DRL-STAF: A Deep Reinforcement Learning Framework for State-Aware Forecasting of Complex Multivariate Hidden Markov Processes

TL;DR

DRL-STAF is a novel deep reinforcement learning framework that jointly predicts observations and estimates hidden states in complex multivariate hidden Markov processes, improving accuracy and interpretability.

Contribution

It introduces a flexible, scalable approach combining deep neural networks and reinforcement learning to model nonlinear emissions and hidden states without predefined transition structures.

Findings

DRL-STAF outperforms traditional HMMs and deep learning models in predictive accuracy.

It effectively estimates hidden states in complex multivariate processes.

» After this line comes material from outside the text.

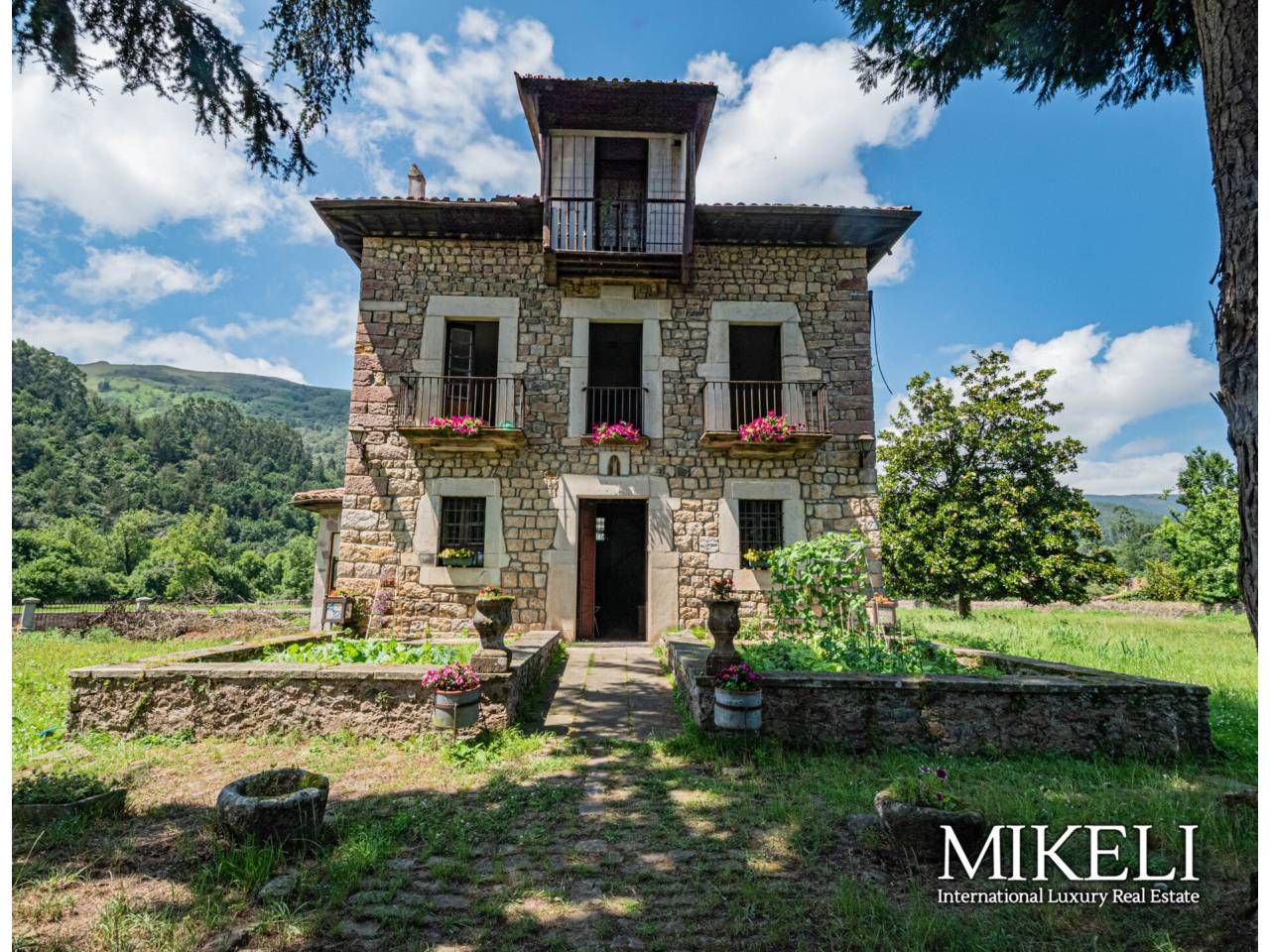 Vista exterior de Casa o xalet en venda en Ruente amb Calefacció, Jardí privat i Parquet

The framework reduces the state-space explosion problem in multivariate HMMs.

Abstract

Forecasting multivariate hidden Markov processes is challenging due to nonlinear and nonstationary observations, latent state transitions, and cross-sequence dependencies. While deep learning methods achieve strong predictive accuracy, they typically lack explicit state modeling, whereas Hidden Markov Models (HMMs) provide interpretable latent states but struggle with complex nonlinear emissions and scalability. To address these limitations, we propose DRL-STAF, a Deep Reinforcement Learning based STate-Aware Forecasting framework that jointly predicts next-step observations and estimates the corresponding hidden states for complex multivariate hidden Markov processes. Specifically, DRL-STAF models complex nonlinear emissions using deep neural networks and estimates discrete hidden states using reinforcement learning, reducing the reliance on predefined transition structures and enabling flexible adaptation to diverse temporal dynamics. In particular, DRL-STAF mitigates the state-space explosion encountered by typical multivariate HMM-based methods. Extensive experiments demonstrate that DRL-STAF outperforms HMM variants, standalone deep learning models, and existing DL-HMM hybrids in most cases, while also providing reliable hidden-state estimates.